He seems to have taken a Forrest Gump-like approach to his memoir, by finding pivotal historical moments that happened when he was President and inserting himself into them, whether he was there or not.
George Bush Book 'Decision Points' Lifted From Advisers' Books
When Crown Publishing inked a deal with George W. Bush for his memoirs, the publisher knew it wasn't getting Faulkner. But the book, at least, promises "gripping, never-before-heard detail" about the former president's key decisions, offering to bring readers "aboard Air Force One on 9/11, in the hours after America's most devastating attack since Pearl Harbor; at the head of the table in the Situation Room in the moments before launching the war in Iraq," and other undisclosed and weighty locations.

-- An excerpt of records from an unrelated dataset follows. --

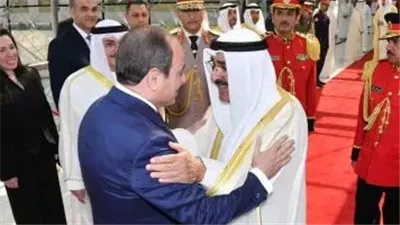 الرئيس السيسي وأمير الكويت يطالبان بوقف إطلاق النار وحماية المدنيين بالسودان 
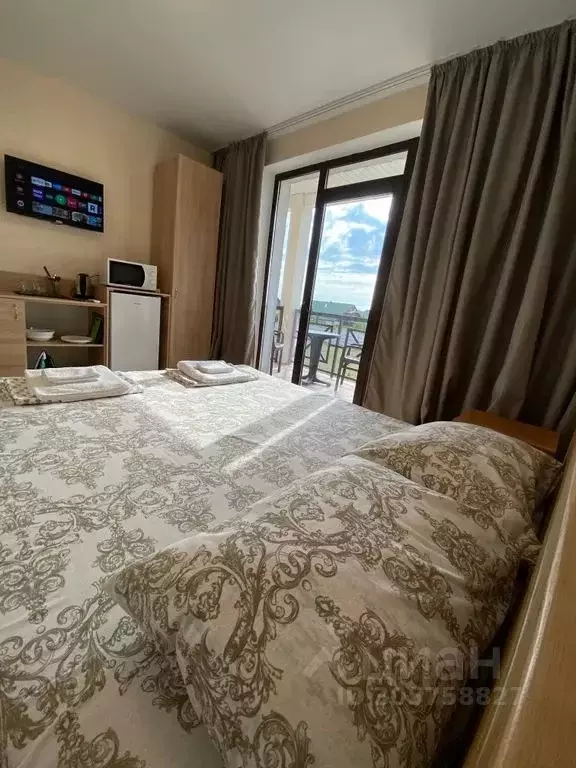 Комната Крым, Сакский район, Молочненское с/пос, с. Витино - Фото 0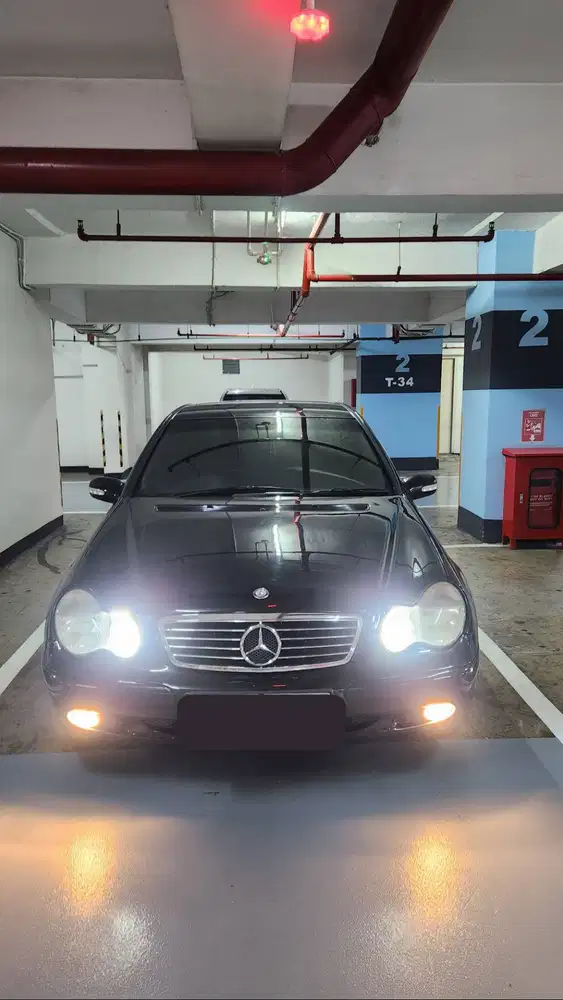 Mercedes Benz C200 Kompressor AT tahun 2003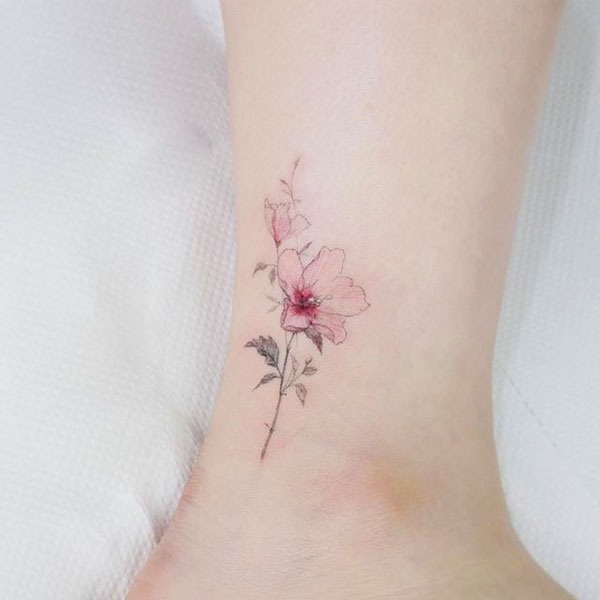 Tattoo hoa đào đẹp ở chân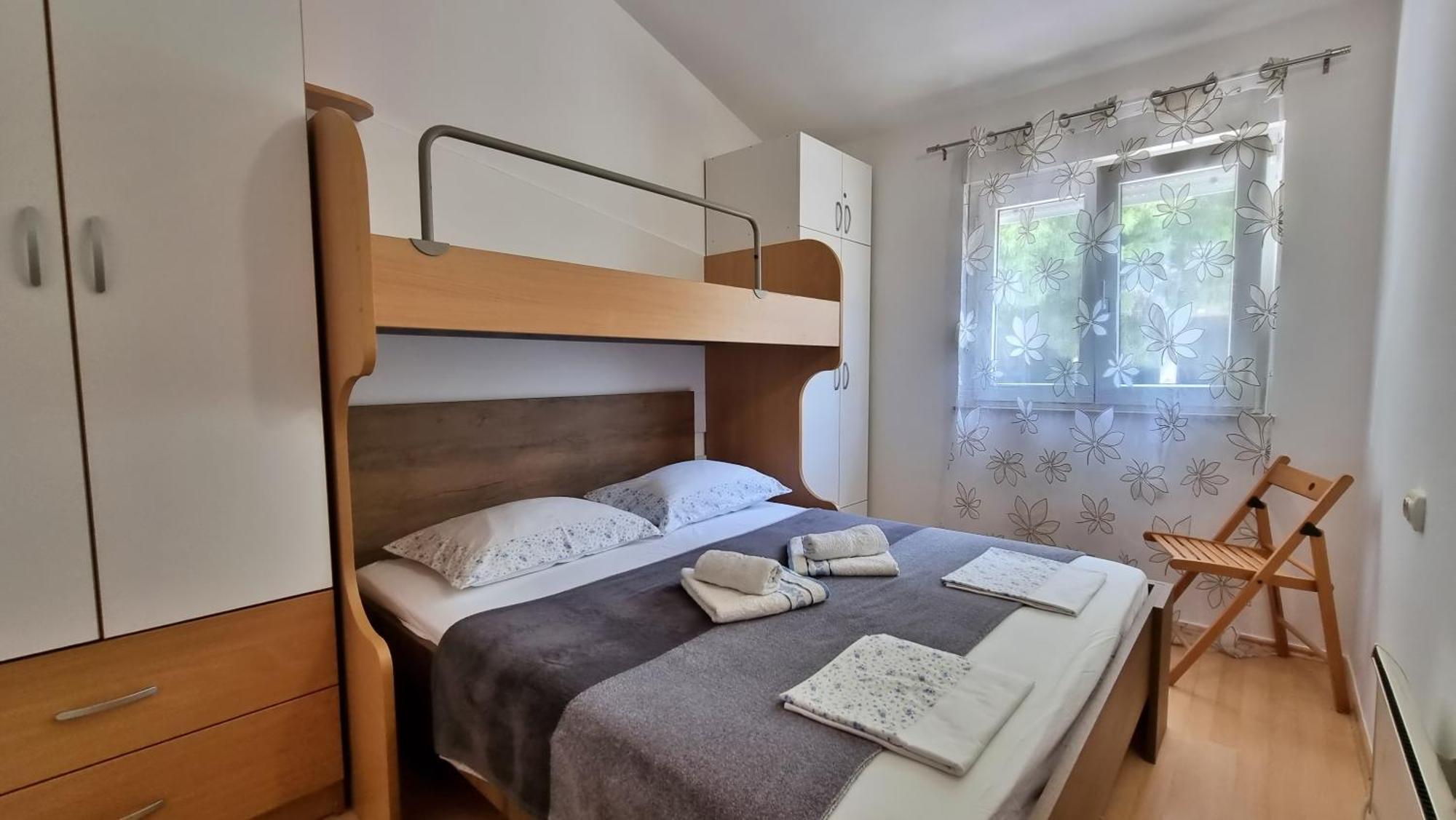 Apartments Gajo Omis Room photo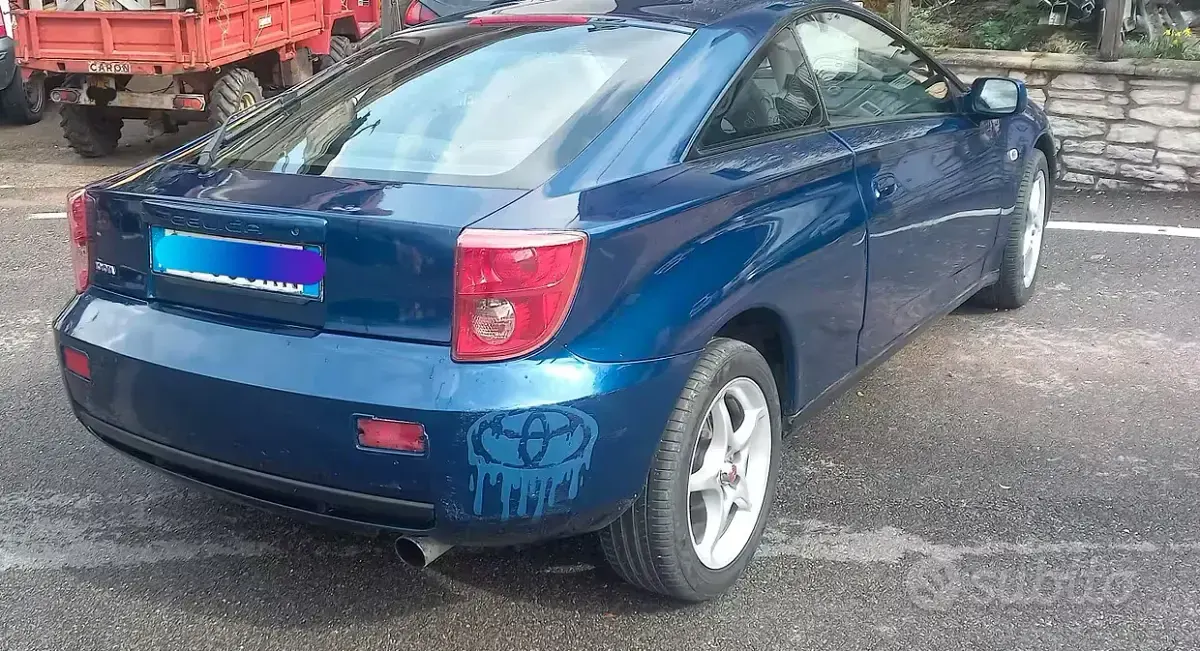 Usata Toyota Celica T2 143 CV (105 kW) 2002 Bluazzurro Coupé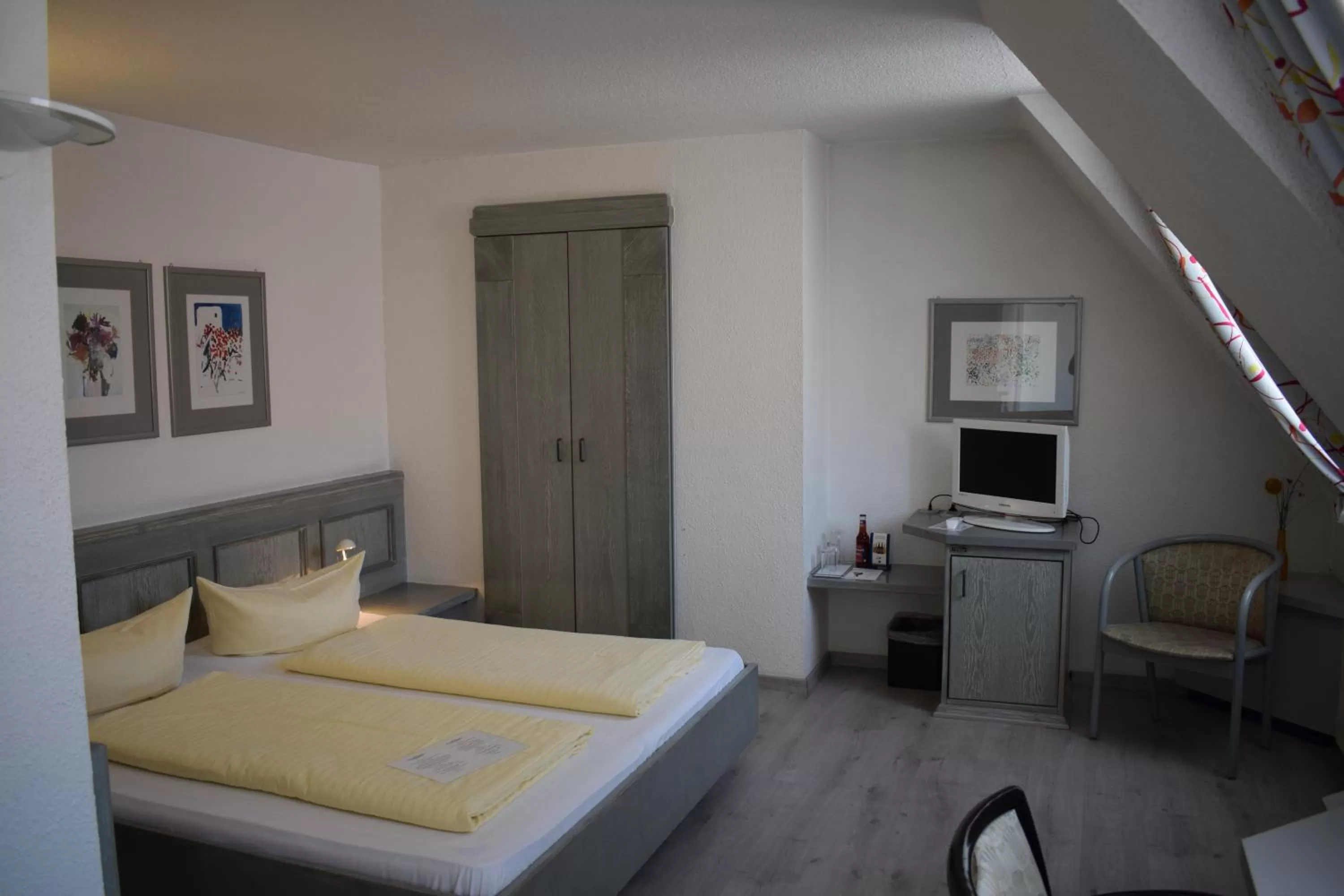 Double Room in Avenue Hotel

Crown also got a mash-up of worn-out anecdotes from previously published memoirs written by his subordinates, from which Bush lifts quotes word for word, passing them off as his own recollections. He took equal license in lifting from nonfiction books about his presidency or newspaper or magazine articles from the time. Far from shedding light on how the president approached the crucial "decision points" of his presidency, the clip jobs illuminate something shallower and less surprising about Bush's character: He's too lazy to write his own memoir.
Bush, on his book tour, makes much of the fact that he largely wrote the book himself, guffawing that critics who suspected he didn't know how to read are now getting a comeuppance. Not only does Bush know how to read, it turns out, he knows how to Google, too. Or his assistant does. Bush notes in his acknowledgments that "[m]uch of the research for this book was conducted by the brilliant and tireless Peter Rough. Peter spent the past 18 months digging through archives, searching the internet[s], and sifting through reams of paper." Bush also collaborated on the book with his former speechwriter, Christopher Michel.
Many of Bush's literary misdemeanors exemplify pedestrian sloth, but others are higher crimes against the craft of memoir. In one prime instance, Bush relates a poignant meeting between Afghan President Hamid Karzai and a Tajik warlord on Karzai's Inauguration Day. It's the kind of scene that offers a glimpse of a hopeful future for the beleaguered nation. Witnessing such an exchange could color a president's outlook, could explain perhaps Bush's more optimistic outlook and give insight into his future decisions. Except Bush didn't witness it. Because, as he himself writes later in the book, he wasn't at Karzai's inauguration.